Wait, I don't think that worked.
Having lived here almost a year, I have made many friends and found myself involved in a lot of communities. I have my writing group, my work friends, my Lesley friends, and the occasional friendly game night. But over Christmas and then again last week, I was reminded what it was like to be a part of a family of friends and loved ones who have known each other forever, support you almost no matter what you do, and make amazing food. Even more than missing MyQue, although I certainly am doing enough of that, I was sad to come off the plane alone last night alone after being surrounded by MyQue's family the whole trip. While I've learned to enjoy my solitude, I mourned something I forgot was there, and now I look around and realize it's something I'm definitely lacking here.
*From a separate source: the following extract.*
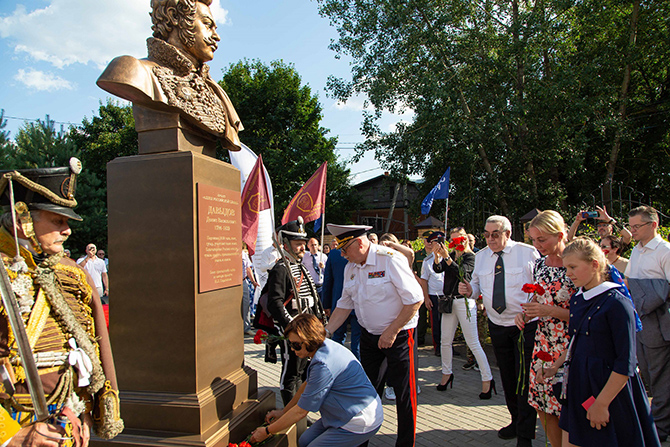Памятник герою войны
Since I graduate next July, I know that I will definitely want to be here for another year at least, so this is something I'm going to have to remedy. I don't know how; I think it just has to do with spending more time with those I already know. But since I can't live around my own family (who is spread around the Midwest), nor can I go to visit MyQue's anytime I want (he will be leaving them for grad school at the end of the summer), I am going to have to surround myself with my own motley crew here, and enjoy these little jaunts into the heartland as much as I can.
Although the Northeast's lack of cheese curds is not literally making me cry, I do miss being able to see the sky all 360 degrees, real thunderstorms that shake the siding of the house, the call of a red-wing blackbird, and eating fresh sweetcorn right out of the garden. I guess you can't take the Rural completely out of the girl after all.